第3楽章はメルヘン的な楽しさの陰で難しいアンサンブルが要求される演奏の難しい楽章です。ウイーン・フィルはライブでも余裕で破綻なくこなすのはさすがです。

美しい第4楽章を経て、マーラーの分裂気味な精神をよく表すような第5楽章では、非常にパースペクティブの良い演奏となっています。悪く言えば一本調子なのでバーンスタインのようなスリルは味わえませんし、聴いていて中々胸が揺すられないかもしれません。けれども、体の奥底からじわりじわりと突き上げられてくるような感覚が徐々に高まってゆきます。確かに録音の良さと音の迫力が大きく貢献しているのだとは思いますが、アバドの指揮がそれを充分に生かし切っているというのもまぎれの無い事実です。

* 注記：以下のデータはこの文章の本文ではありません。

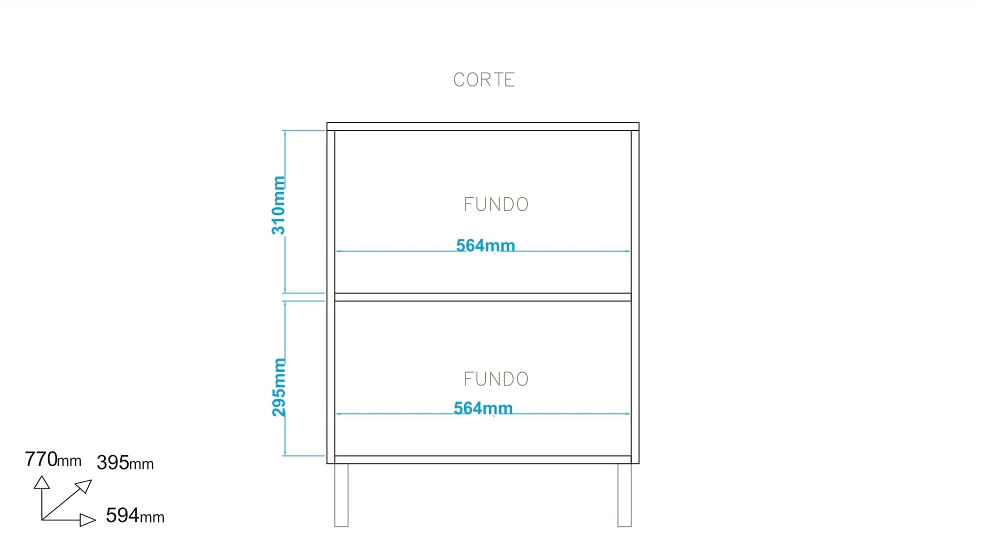 Balcao 2 Portas 1 Prateleira Branco Mdp 15Mm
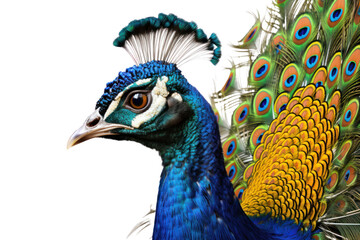 Obraz premium A close-up of a peacock head and upper body, capturing the detailed textures and vivid colors of its feathers. The peacock is set against a stark white background,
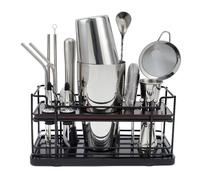 Boston Shaker à Cocktail 20 pièces avec Support, kit Cocktail 825 ML en INOX, Comprenant doseur Cocktail, Pilon et Autres Accessoires Pros, Set Machine à Cocktails pour fêtes, Maison et Bar (argenté)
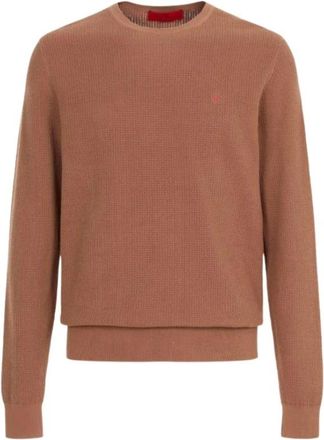 Carolina Herrera Textured Gassed Cotton Sweater - Heren - Ronde hals truien - Bruin - L - Katoen - Truien & Vesten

81y9tobpn6l__aa1404_ジェームス・レヴァイン指揮ウイーン・フィルハーモニー
キャスリーン・バトル(ソプラノ)
クリスタ・ルードヴィヒ(メゾ・ソプラノ)
1989年録音/オルフェオ盤

アバド盤の僅か3年前のライブ録音です。ジェームス・レヴァインは、かつてメトロポリタン歌劇場時代にイタリア・オペラ、ドイツ・オペラを問わずに相当の演目を演奏していましたし、同時にコンサートも、レコーディングも多くこなして、正にオールマイティ指揮者として華々しい活躍ぶりでした。マーラーも得意にしていたようなので、録音も多く行いました。ところが、どういうわけかこの人のディスクを購入した記憶が殆んどありません。なぜか?「まとも」で「面白みに欠ける」というイメージを自分で勝手に持っていたからだと思います。いわゆる「巨匠風」の演奏家が好き(あと、美人演奏家も好き)だったので、あのアフロヘア?でメガネの風貌が、「巨匠」にも、当然ですが「美人」にも見えないので興味を持たなかったのでしょう。でも繰り返しますが、演奏そのものには決して悪い印象は持っていませんでした。

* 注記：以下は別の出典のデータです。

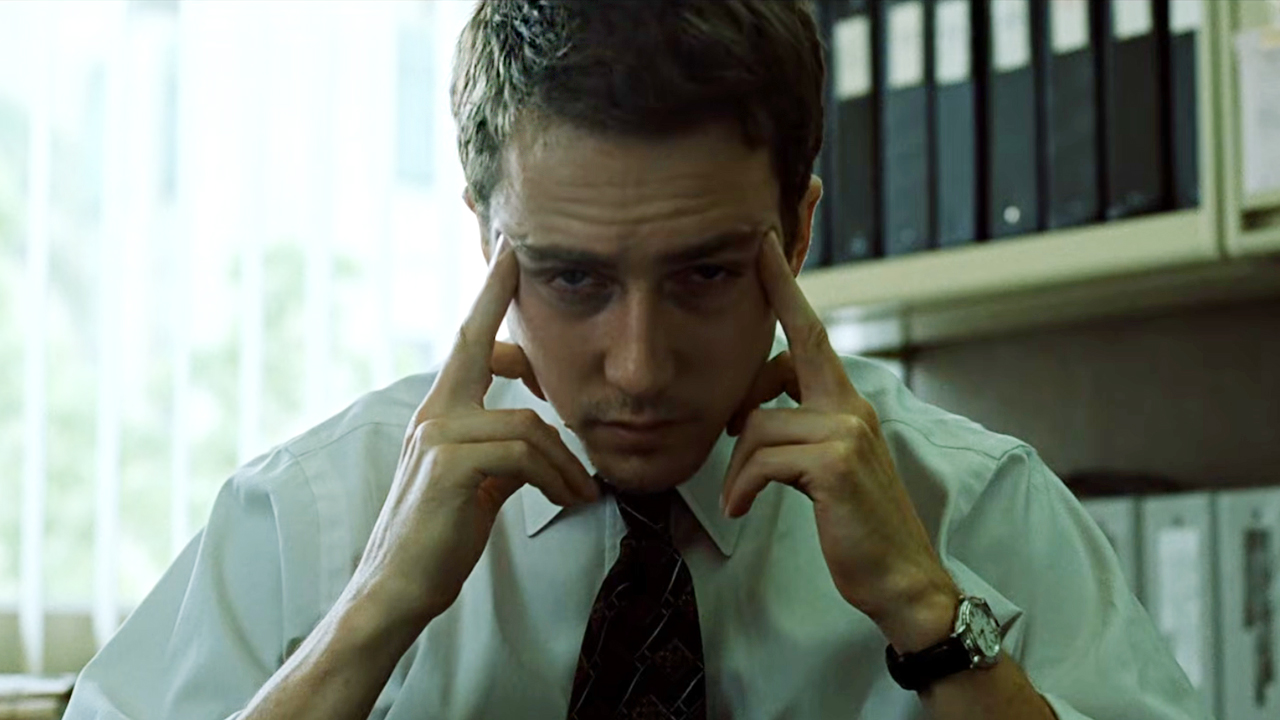 Edward Norton as "Jack" looking exhaustedly bored in Fight Club (1999).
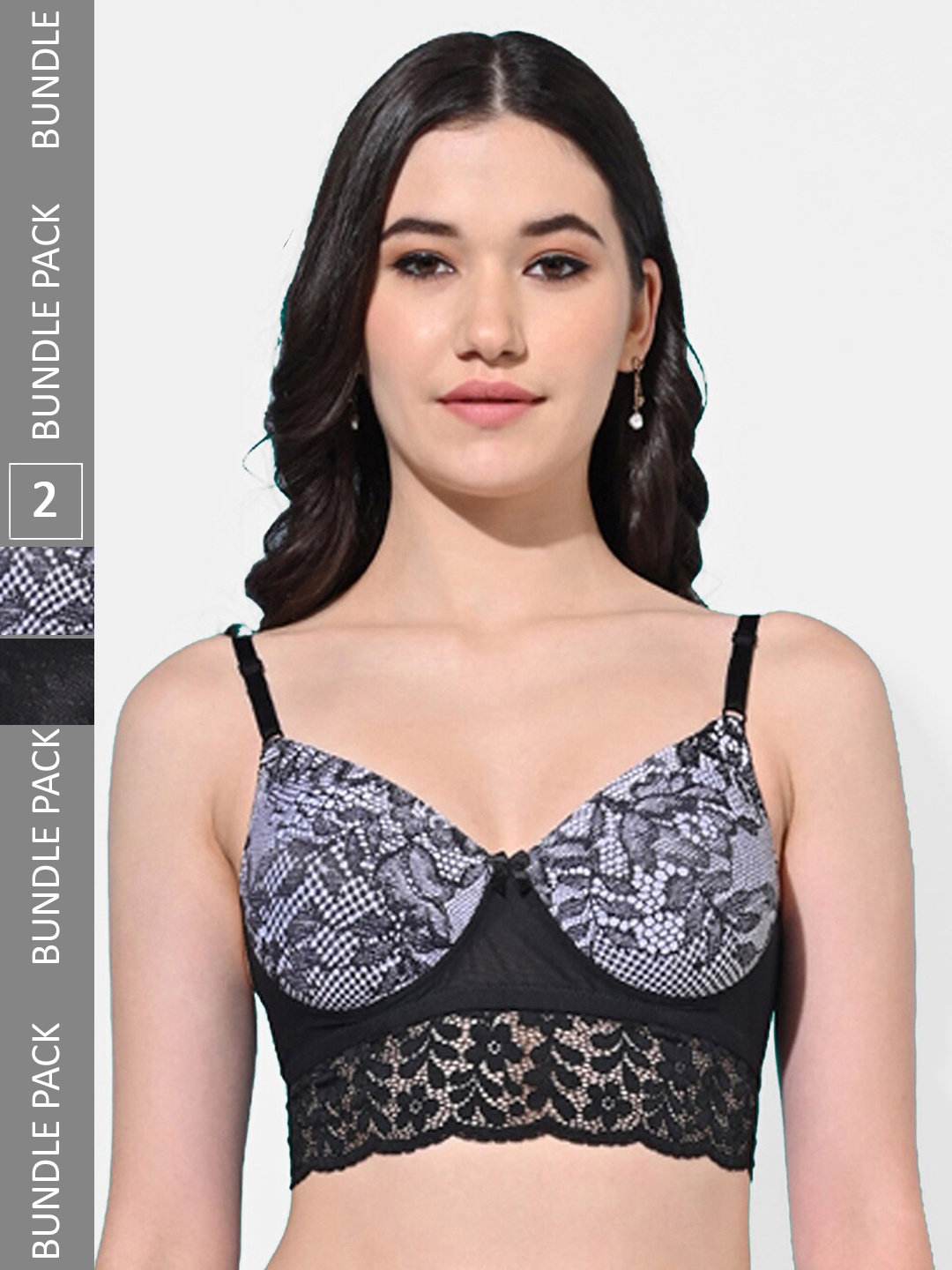 

FIMS Pack Of 2 Printed Full Coverage Lace All Day Comfort Bra BRA_SLK-P_Black_SLK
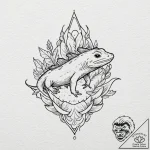 Axolotl, tattoo sketch design, black outline… – tattoo sketch (№1751447257_0, 02.07.2025 09:07) — tattoovalue.net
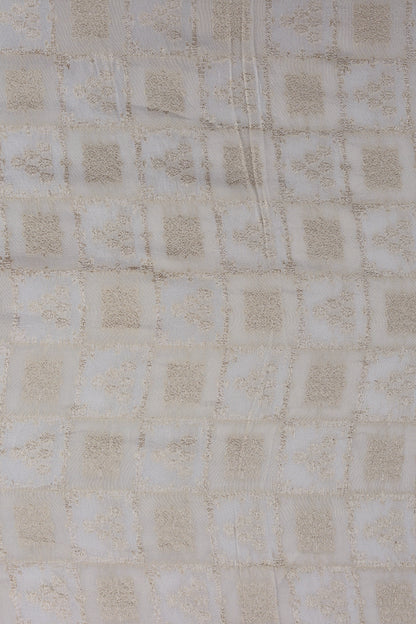 Golden Checkered Embossed Brocade Fabric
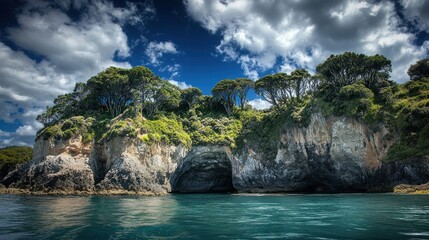 Obraz premium Coastal cave, lush foliage, dramatic sky, ocean, tourism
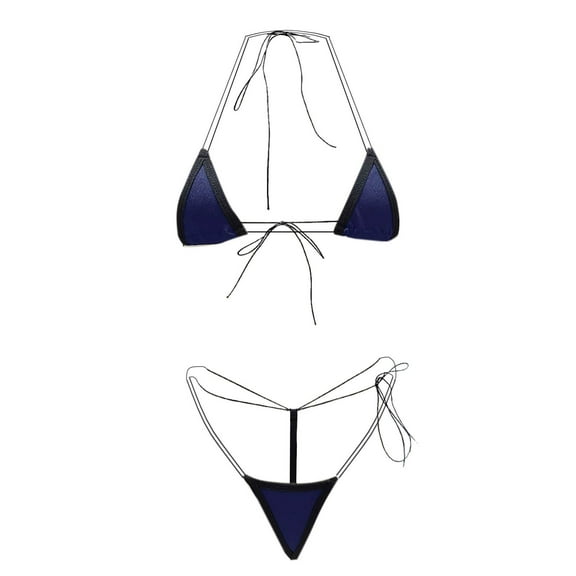UTSJKR Bikini Set for Women Extreme Triangle Top G String Swearwear Sexy Multi Clour Tie Side Mini Bathing Suit Navy Free Size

そんなレヴァインの指揮したマーラーの「復活」ですが、ザルツブルク音楽祭でウイーン・フィルを指揮した演奏です。レヴァインは、この音楽祭で「復活」を1977年と1989年の二度演奏しているのですね。もちろんどちらもウイーン・フィルとの演奏です。これは二度目の1989年の録音です。

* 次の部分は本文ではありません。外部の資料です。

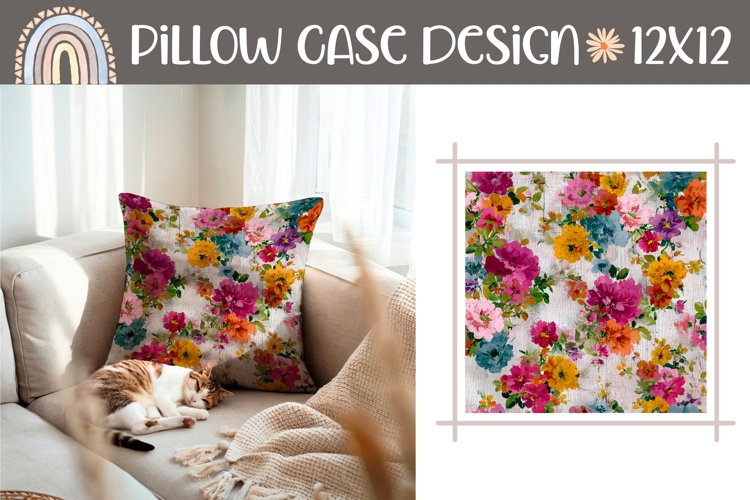 Cartoon Flowers Pillow PNG, Rustic Pillow Case, Flowers PNG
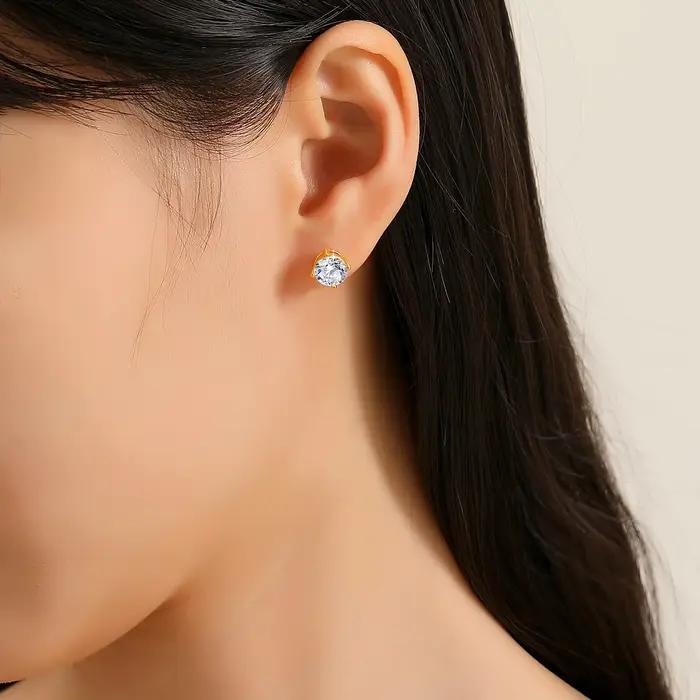 Szjinao réel complet 18k boucles d'oreilles en or AU750 Moissanite diamant véritable or femmes bijoux Certifid K or luxueux cadeaux de saint valentin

レヴァインはユダヤ系ですが、バーンスタインのような粘着質の要素は薄い方です。全体的にテンポは遅めでスケールの広がりを感じます。第1楽章での気迫と音の迫力は相当なものです。ライブですが音に厚みが有り、充分にレンジの広さも有り、まとまりの良い録音に不満は感じません。また、歌うべきところではたっぷりと歌います。典型は第2楽章で、懐かしさを感じさせていじらしいほどに歌い切ります。第3楽章のリズム感は中々良いです。レヴァインの指揮のソツの無さを改めて感じます。第4楽章のルードヴィヒの歌にはベテランの貫禄を感じます。第5楽章は、スケールの大きさに加えてドラマティックさを感じさせます。レヴァインの指揮がこれほど面白いとは思いませんでした。バーンスタインの劇場型には、時に大げさ過ぎて煩わしさを感じる場合も(その時の自分の体調によっては)ありますが、レヴァインはそこまで極端では無いのが美点です。それでも中間部ではテンポを速めて、続くぺザンテ(重く)の部分での巨大さを演出して興奮させられ心ニクさを感じます。バトルがからむ後半もルードヴィヒの声と絶妙なハーモニーです。そしてフィナーレの壮大な盛り上がりには心が震わされます。レヴァインの実力を再認識させられた素晴らしい「復活」です。

ということで、今回の二つの「復活」は、ウイーン・フィルのライブの素晴らしさを堪能した演奏でした。録音の優秀さと音の迫力が際立つのはアバド盤ですが、音楽の感動の度合いでは逆にレヴァイン盤が勝っているように感じます。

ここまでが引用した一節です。